==== Data section ====
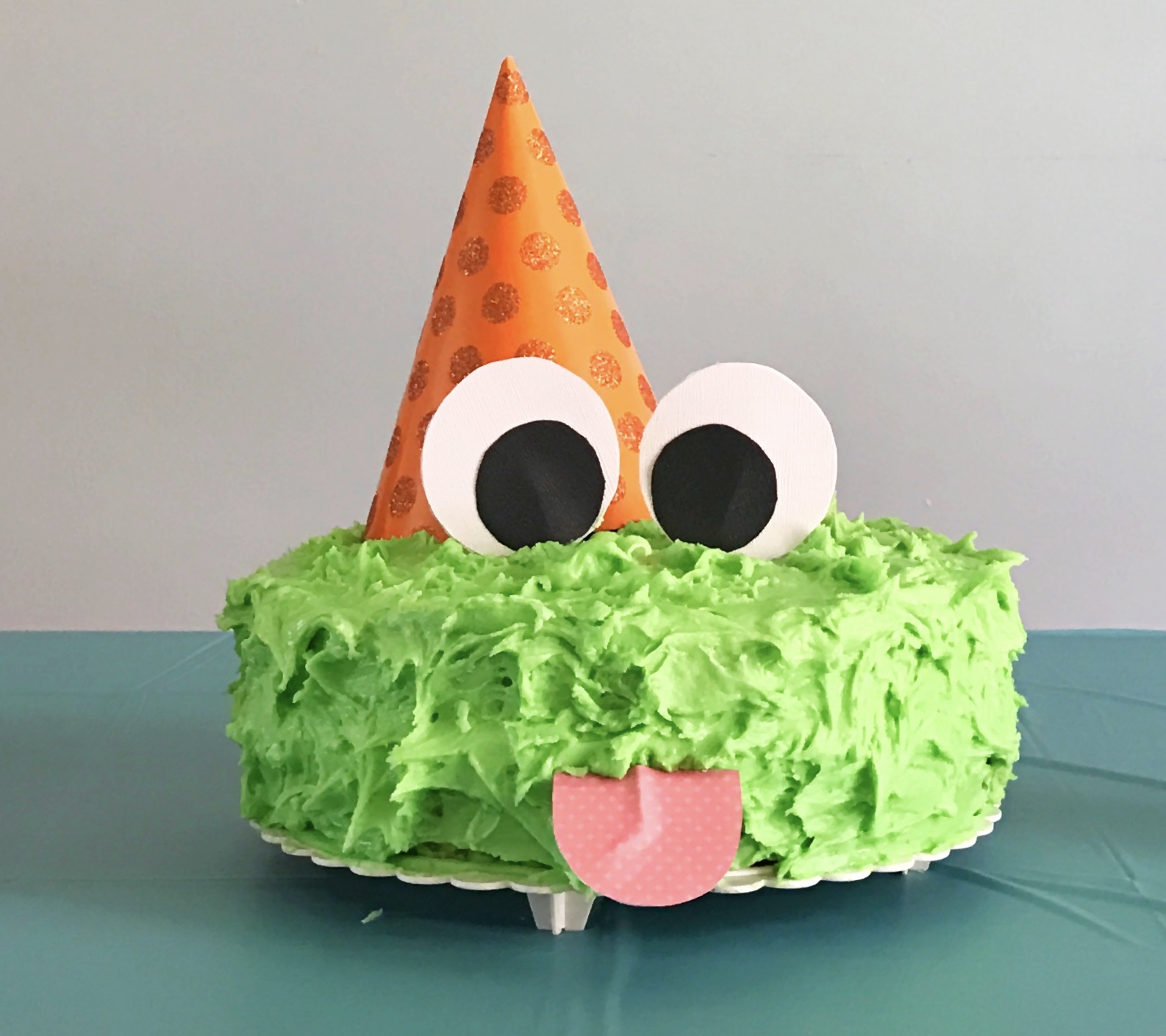 Cute Little Monster FIRST BIRTHDAY {with free templates!} | first birthday party | monster party | cake ideas | One year old | decorations | Check it out at Six Clever Sisters blog!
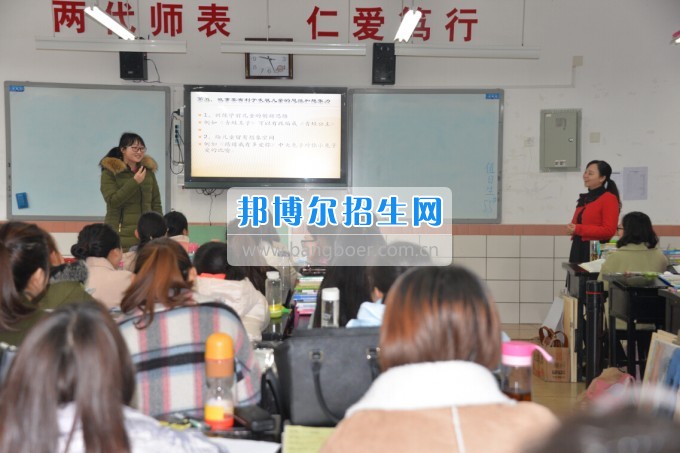 川南幼兒師范高等?？茖W(xué)校2017質(zhì)量年：撲下身子抓落實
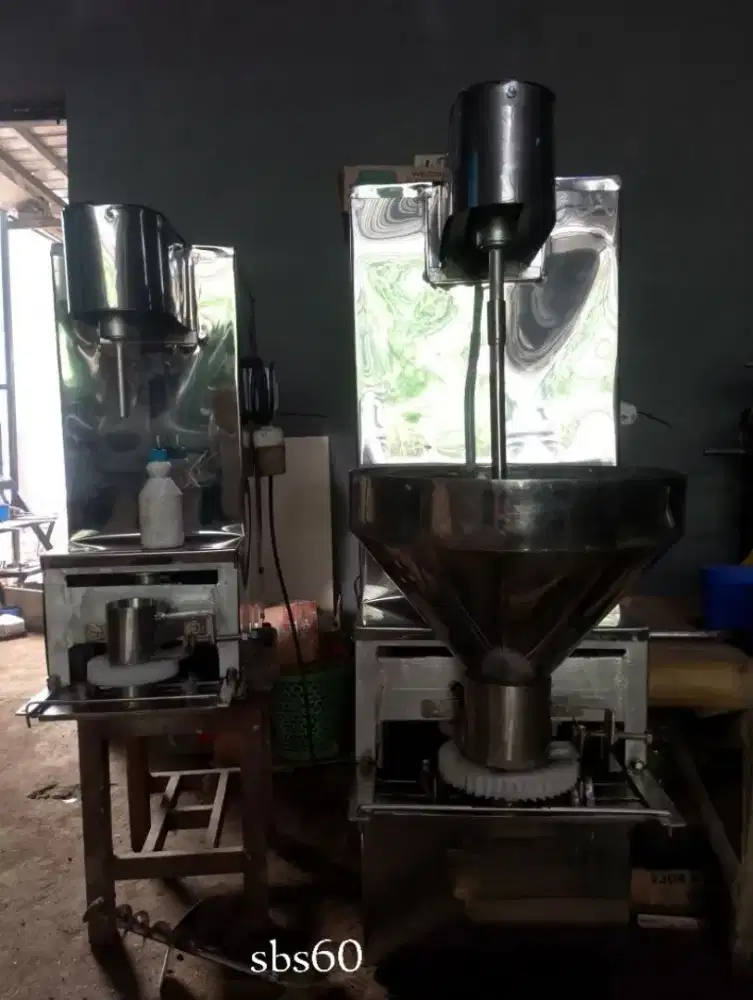 Mesin cetak bakso 250-300butir/menit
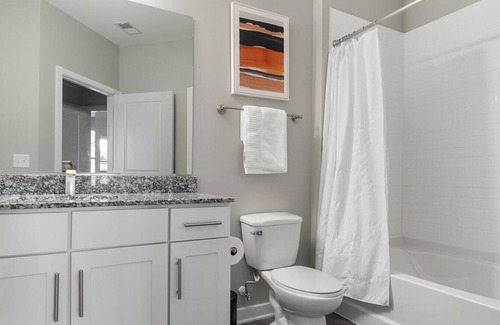 Chapel Hill Apartment | Landing at Blu on Farrington - 2 Bedrooms in Woodland Acres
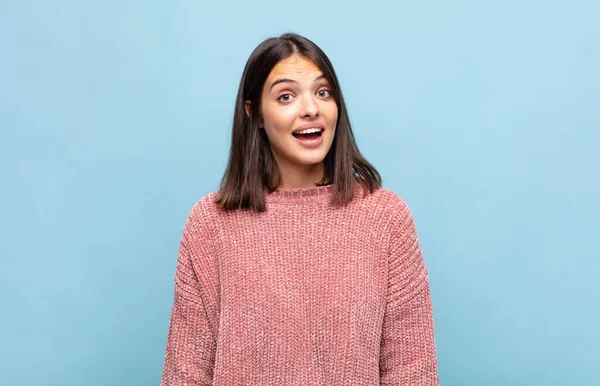 Ung Vacker Kvinna Ser Glad Och Positivt Överraskad Upphetsad Med — Stockfoto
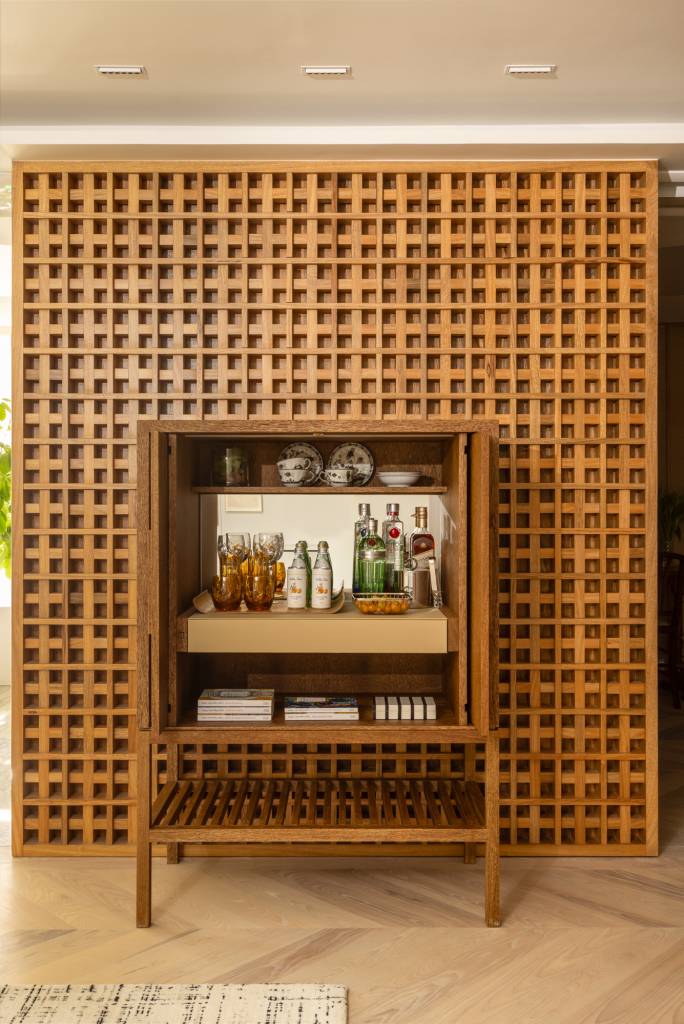 Quarto com conforto de hotel é inspirado na cultura japonesa. Projeto de Migs Arquitetura para a CASACOR SP 2024. Na foto. bar em móvel instalado em parede de muxarabi.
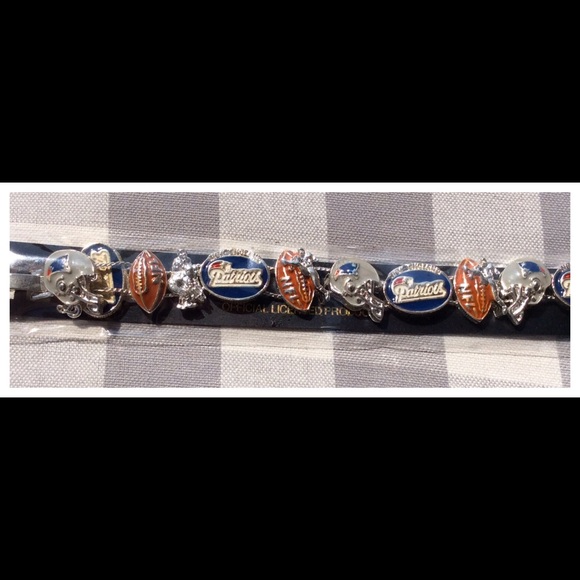 PATRIOTS NFL bracelet Peter David. Football - Picture 4 of 4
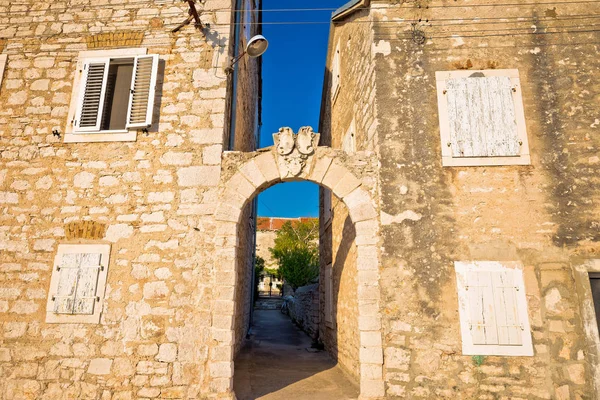 Mediterranean village of Zlarin stone architecture and gate view — Stock Photo, Image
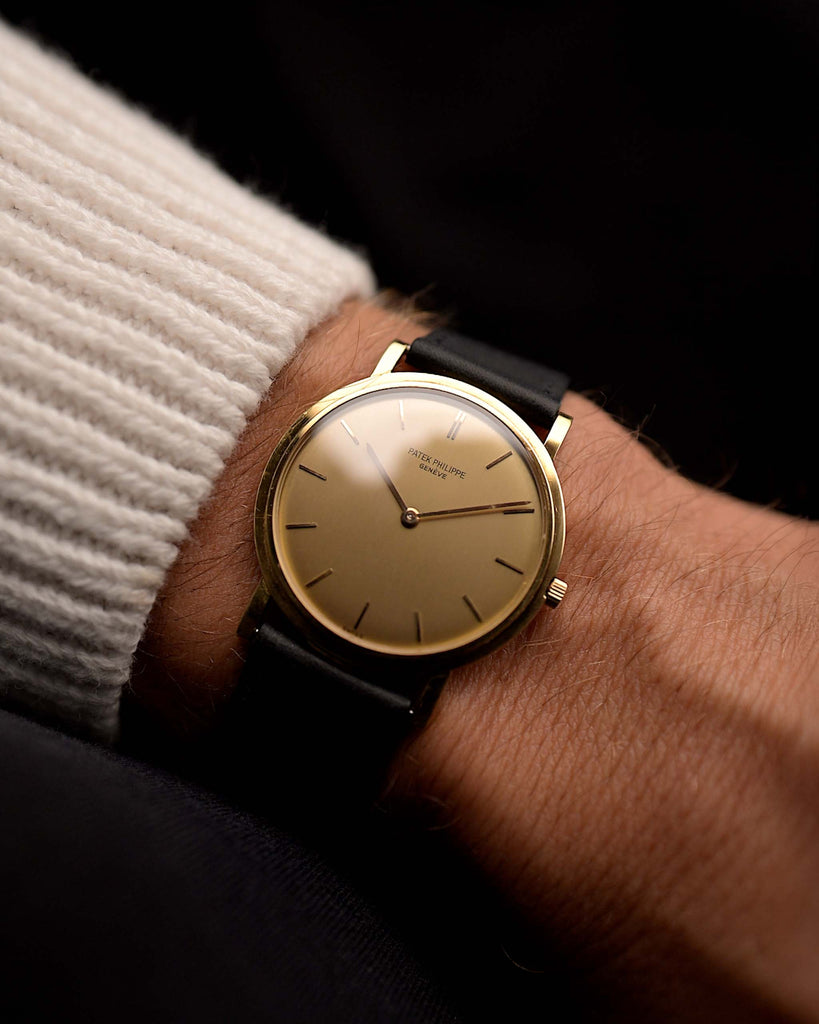Patek Philippe 3520 Calatrava Ref. 3520 from the 1960s. 32mm in 18k Yellow Gold with Manual Wind Movement, Original Golden Brushed Dial and Leather Strap.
====
Task. Quote exactly, and only, the lines from the one containing "Mesin cetak bakso 250-300butir/menit" through the last line of the records above, both included; leave out any pictures.

Reply to the exercise.
 Mesin cetak bakso 250-300butir/menit
 Chapel Hill Apartment | Landing at Blu on Farrington - 2 Bedrooms in Woodland Acres
 Ung Vacker Kvinna Ser Glad Och Positivt Överraskad Upphetsad Med — Stockfoto
 Quarto com conforto de hotel é inspirado na cultura japonesa. Projeto de Migs Arquitetura para a CASACOR SP 2024. Na foto. bar em móvel instalado em parede de muxarabi.
 PATRIOTS NFL bracelet Peter David. Football - Picture 4 of 4
 Mediterranean village of Zlarin stone architecture and gate view — Stock Photo, Image
Patek Philippe 3520 Calatrava Ref. 3520 from the 1960s. 32mm in 18k Yellow Gold with Manual Wind Movement, Original Golden Brushed Dial and Leather Strap.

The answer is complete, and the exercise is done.